- Opening Delimiter -

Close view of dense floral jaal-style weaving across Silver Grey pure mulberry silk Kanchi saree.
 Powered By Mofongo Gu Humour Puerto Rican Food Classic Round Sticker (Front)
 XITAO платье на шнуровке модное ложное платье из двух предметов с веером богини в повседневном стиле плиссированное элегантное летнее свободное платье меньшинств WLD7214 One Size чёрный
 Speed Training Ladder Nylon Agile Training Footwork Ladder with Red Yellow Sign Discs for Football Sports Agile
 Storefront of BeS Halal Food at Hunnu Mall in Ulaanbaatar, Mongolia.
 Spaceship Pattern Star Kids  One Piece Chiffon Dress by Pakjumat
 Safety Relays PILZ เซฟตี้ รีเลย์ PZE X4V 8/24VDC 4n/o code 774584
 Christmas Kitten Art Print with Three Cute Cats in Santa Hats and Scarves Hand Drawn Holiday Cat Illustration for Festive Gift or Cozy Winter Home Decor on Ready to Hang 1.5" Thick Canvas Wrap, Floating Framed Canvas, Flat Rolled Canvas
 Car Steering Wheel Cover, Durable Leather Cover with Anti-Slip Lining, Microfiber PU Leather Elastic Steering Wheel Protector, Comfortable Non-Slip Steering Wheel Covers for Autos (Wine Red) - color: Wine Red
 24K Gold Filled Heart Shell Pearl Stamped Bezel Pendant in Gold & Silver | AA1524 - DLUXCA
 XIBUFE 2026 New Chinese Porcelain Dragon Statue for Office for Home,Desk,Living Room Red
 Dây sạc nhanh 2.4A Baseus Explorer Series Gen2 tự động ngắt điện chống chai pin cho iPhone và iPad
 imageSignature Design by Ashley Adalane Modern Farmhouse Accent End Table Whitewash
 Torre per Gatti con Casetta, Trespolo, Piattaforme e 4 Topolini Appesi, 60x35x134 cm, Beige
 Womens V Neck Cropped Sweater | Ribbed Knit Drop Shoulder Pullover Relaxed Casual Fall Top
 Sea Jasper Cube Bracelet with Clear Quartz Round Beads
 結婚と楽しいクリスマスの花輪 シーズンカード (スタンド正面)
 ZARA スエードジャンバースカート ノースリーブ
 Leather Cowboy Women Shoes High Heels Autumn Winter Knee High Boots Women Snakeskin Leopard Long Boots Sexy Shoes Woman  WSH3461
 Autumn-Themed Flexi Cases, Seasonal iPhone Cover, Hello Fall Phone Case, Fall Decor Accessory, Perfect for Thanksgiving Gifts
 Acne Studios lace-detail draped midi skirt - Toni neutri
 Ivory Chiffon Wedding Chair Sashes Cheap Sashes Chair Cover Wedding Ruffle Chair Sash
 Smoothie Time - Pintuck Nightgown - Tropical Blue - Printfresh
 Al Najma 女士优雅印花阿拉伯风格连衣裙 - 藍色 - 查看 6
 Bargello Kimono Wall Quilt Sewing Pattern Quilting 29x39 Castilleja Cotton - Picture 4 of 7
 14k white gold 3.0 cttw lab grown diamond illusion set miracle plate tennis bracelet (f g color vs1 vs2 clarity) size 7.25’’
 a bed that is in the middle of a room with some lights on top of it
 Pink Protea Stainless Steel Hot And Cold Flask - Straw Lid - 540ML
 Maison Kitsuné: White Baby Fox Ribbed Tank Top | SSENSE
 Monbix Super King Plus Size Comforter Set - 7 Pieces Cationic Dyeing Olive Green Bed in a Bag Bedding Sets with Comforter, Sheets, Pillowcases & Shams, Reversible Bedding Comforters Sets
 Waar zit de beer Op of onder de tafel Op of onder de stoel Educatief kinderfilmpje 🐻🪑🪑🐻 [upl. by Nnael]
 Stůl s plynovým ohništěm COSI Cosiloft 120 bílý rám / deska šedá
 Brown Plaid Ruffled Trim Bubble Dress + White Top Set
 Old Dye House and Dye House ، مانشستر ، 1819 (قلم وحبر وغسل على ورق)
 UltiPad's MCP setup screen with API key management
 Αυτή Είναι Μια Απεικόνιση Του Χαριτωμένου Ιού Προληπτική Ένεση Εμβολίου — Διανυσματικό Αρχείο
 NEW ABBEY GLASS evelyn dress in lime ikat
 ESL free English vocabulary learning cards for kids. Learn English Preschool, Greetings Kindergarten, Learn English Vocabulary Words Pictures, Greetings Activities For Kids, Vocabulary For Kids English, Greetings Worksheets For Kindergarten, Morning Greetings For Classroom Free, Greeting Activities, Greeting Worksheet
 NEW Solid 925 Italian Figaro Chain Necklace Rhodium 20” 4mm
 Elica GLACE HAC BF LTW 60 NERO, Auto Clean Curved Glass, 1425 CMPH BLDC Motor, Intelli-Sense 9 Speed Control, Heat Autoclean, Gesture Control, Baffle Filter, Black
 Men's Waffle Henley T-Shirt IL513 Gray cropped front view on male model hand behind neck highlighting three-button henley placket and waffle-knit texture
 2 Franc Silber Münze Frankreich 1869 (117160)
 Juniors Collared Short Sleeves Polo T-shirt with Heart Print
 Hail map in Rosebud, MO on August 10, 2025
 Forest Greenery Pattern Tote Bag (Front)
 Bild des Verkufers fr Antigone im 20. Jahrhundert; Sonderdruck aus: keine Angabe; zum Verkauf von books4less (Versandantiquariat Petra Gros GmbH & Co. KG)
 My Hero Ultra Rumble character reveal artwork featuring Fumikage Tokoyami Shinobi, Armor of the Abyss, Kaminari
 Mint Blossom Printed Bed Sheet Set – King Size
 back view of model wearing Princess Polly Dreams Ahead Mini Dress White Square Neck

- Closing Delimiter -

Given the data above, transcribe exactly the lines from the one containing "Womens V Neck" down to the one containing "Brown Plaid Ruffled", and no others.

 Womens V Neck Cropped Sweater | Ribbed Knit Drop Shoulder Pullover Relaxed Casual Fall Top
 Sea Jasper Cube Bracelet with Clear Quartz Round Beads
 結婚と楽しいクリスマスの花輪 シーズンカード (スタンド正面)
 ZARA スエードジャンバースカート ノースリーブ
 Leather Cowboy Women Shoes High Heels Autumn Winter Knee High Boots Women Snakeskin Leopard Long Boots Sexy Shoes Woman  WSH3461
 Autumn-Themed Flexi Cases, Seasonal iPhone Cover, Hello Fall Phone Case, Fall Decor Accessory, Perfect for Thanksgiving Gifts
 Acne Studios lace-detail draped midi skirt - Toni neutri
 Ivory Chiffon Wedding Chair Sashes Cheap Sashes Chair Cover Wedding Ruffle Chair Sash
 Smoothie Time - Pintuck Nightgown - Tropical Blue - Printfresh
 Al Najma 女士优雅印花阿拉伯风格连衣裙 - 藍色 - 查看 6
 Bargello Kimono Wall Quilt Sewing Pattern Quilting 29x39 Castilleja Cotton - Picture 4 of 7
 14k white gold 3.0 cttw lab grown diamond illusion set miracle plate tennis bracelet (f g color vs1 vs2 clarity) size 7.25’’
 a bed that is in the middle of a room with some lights on top of it
 Pink Protea Stainless Steel Hot And Cold Flask - Straw Lid - 540ML
 Maison Kitsuné: White Baby Fox Ribbed Tank Top | SSENSE
 Monbix Super King Plus Size Comforter Set - 7 Pieces Cationic Dyeing Olive Green Bed in a Bag Bedding Sets with Comforter, Sheets, Pillowcases & Shams, Reversible Bedding Comforters Sets
 Waar zit de beer Op of onder de tafel Op of onder de stoel Educatief kinderfilmpje 🐻🪑🪑🐻 [upl. by Nnael]
 Stůl s plynovým ohništěm COSI Cosiloft 120 bílý rám / deska šedá
 Brown Plaid Ruffled Trim Bubble Dress + White Top Set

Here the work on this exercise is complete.